By Bud P.
This month's issue of Words Without Borders explores the work of writers who will soon gather in New York City for the PEN World Voices Festival. This year's festival explores the theme "how the world changes and how we change" against the backdrop of "landmark anniversaries - Darwin's On the Origin of Species (1859), the Cuban Revolution (1959), the collapse of Communism across Eastern Europe (1989), and Tiananmen Square (1989)."
Born in Dresden, Germany in 1962, Ingo Schulze is one author whose work most certainly embodies the festival's theme. Reviewing Schulze's novel New Lives, our reviewer Robert Buckeye says:
"In Europe today (and among intellectuals in the West), the fall of the Wall has been followed by what is termed ostalgie, 'less nostalgia for the return of the socialist collective,' Charity Scribner writes, 'than "the awareness" that something is missing from the present.' For Schulze, something is clearly missing, but he can neither embrace the new world nor yearn for the one lost."
That's difficult territory to tread, to say the least, but Schulze, whom I saw read at last year's PEN World Voices Festival, embraces it artfully. In fact, I was stunned by the story he read that day, one of the short pieces in 33 Moments of Happiness: St. Petersburg Stories. I found the book (which, I bought immediately after the reading) innovative and each piece deepfelt yet empty in a way, leaving me with a sense of that in-between that Robert identifies in his review.
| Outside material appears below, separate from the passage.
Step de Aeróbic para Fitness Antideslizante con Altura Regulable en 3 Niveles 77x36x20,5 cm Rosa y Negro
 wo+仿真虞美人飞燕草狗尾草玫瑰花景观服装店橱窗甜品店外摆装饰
In his new novel, Schulze takes on the difficult-to-master structure of an epistolary novel and succeeds:
New Lives is less the epistolary novel Turmer tells Nicoletta he is writing, than a scholarly text with a critical apparatus, similar to Nabokov's Pale Fire whose method subverts--or expands --the form of the novel. As editor, Schulze plays the same role that Professor Kinbote, the editor of John Shade's poetry, does in Pale Fire; like Kinbote, he does not let the text stand for itself but directs us how to read it. Kinbote, however, is clearly not Nabokov; he serves as a foil for Nabokov to skewer those who appropriate texts for their own purposes. In New Lives, Schulze (the editor) is often indistinguishable from Schulze (the novelist).